Stéphane Soumier : est-ce que la crise est derrière nous ?
Non, elle est devant nous. Je ne cherche pas à jouer les pessimistes ou les Cassandre, mais il faut savoir que la crise n’a pas été payée. Il y a eu une bulle financière qui a explosé. Il y a 5000 milliards de dollars qui ont cramé quelque part dans le monde. Cela a été soutenu par les États, par des fonds d’investissement, mais maintenant personne n’en a encore payé le prix. Il faut bien se le dire. La crise financière va maintenant toucher l’économie réelle.
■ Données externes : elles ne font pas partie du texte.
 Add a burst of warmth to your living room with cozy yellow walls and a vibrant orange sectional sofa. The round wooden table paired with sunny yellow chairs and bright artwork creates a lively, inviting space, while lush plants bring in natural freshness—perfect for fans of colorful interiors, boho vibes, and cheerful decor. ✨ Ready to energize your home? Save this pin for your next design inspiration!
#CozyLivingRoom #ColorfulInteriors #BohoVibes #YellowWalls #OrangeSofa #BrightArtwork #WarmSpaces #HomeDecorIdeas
Il y a aussi eu des mesures tampons qui font que, notamment en France, la consommation n’a pas explosé, mais elle est fragile, et avec un taux de chômage à 10%, avec une économie réelle qui commence à patiner, contrairement à ce que l’on dit. Dans le BTP par exemple, il n’y a pas de perspective de permis de construire en ce moment.
Je dis qu’il faut rester très agressifs, très attentifs, pour garder cette consommation. Actuellement elle est bonne parce qu’elle a bénéficié d’un effet d’aubaine : la désinflation mondiale.
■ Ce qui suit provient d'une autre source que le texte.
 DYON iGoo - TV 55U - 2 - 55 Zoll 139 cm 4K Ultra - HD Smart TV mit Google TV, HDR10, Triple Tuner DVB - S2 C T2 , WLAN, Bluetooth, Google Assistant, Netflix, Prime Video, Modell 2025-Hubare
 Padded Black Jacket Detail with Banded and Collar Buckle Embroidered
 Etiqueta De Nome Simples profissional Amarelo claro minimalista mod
Et cet effet on en est globalement au bout ?

Voilà. Elle a bénéficié aussi de l’abrogation des lois françaises qui nous empêchaient de vendre moins cher. Jamais les distributeurs ne se sont autant bagarrés sur les promos ou les prix de fond de rayon.
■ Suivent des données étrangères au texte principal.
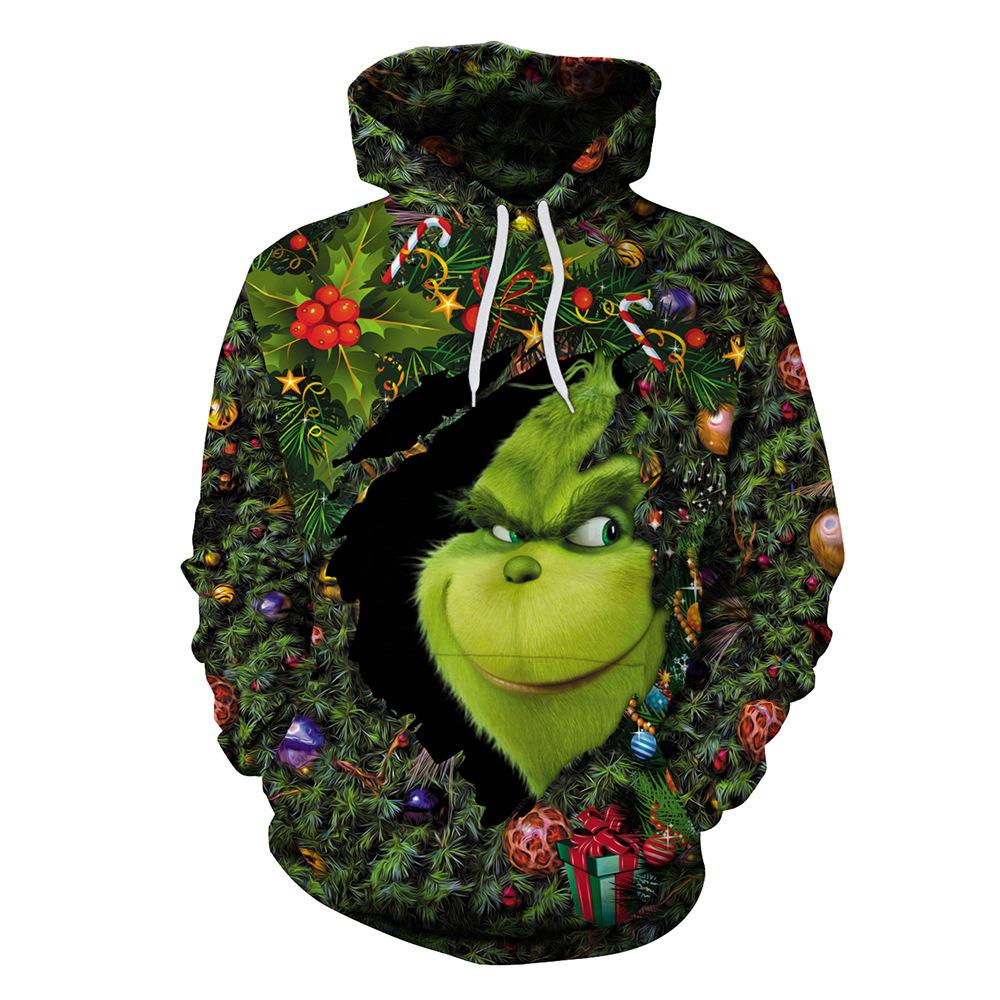 Winter Christmas sweatshirt cos, Green-Haired Monster merchandise, Grinch digital printed sweatshirt hoodie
Juste un mot là-dessus. Vous dites que c’est le retour du pouvoir des chefs de rayon. Au cœur des centres Leclerc, je vous ai vu raconter ça. Vous racontez comment il faut aller traverser la rue pour regarder les prix en face, parce qu’on a à nouveau des marges pour jouer sur les prix ?
Oui. Voici une anecdote : mon père a 83 ans. C’est lui qui a fondé les centres Leclerc et il me racontait qu’en allant dans les magasins aujourd’hui, ils voient les gens arriver avec les catalogues, avec les publicités soulignées, et qu’il avait l’impression de se retrouver dans la France d’après-guerre, dans la France du marché noir.

Donc il ne faut pas oublier que s’il y a une France de bobos qui tire le marché vers l’innovation et autre, il y a quand même les trois-quarts des Français, dont le peloton est tiré vers la consommation, qui rament, qui ont peur du futur, et donc ces gens-là, aujourd’hui, ne sont pas prêts à surconsommer. Il faut arrêter de dire de manière grégaire que parce que la crise financière est relativement endiguée, on est sur la reprise. Je le souhaite, on va tout faire pour, mais ne soyons pas naïfs à ce point.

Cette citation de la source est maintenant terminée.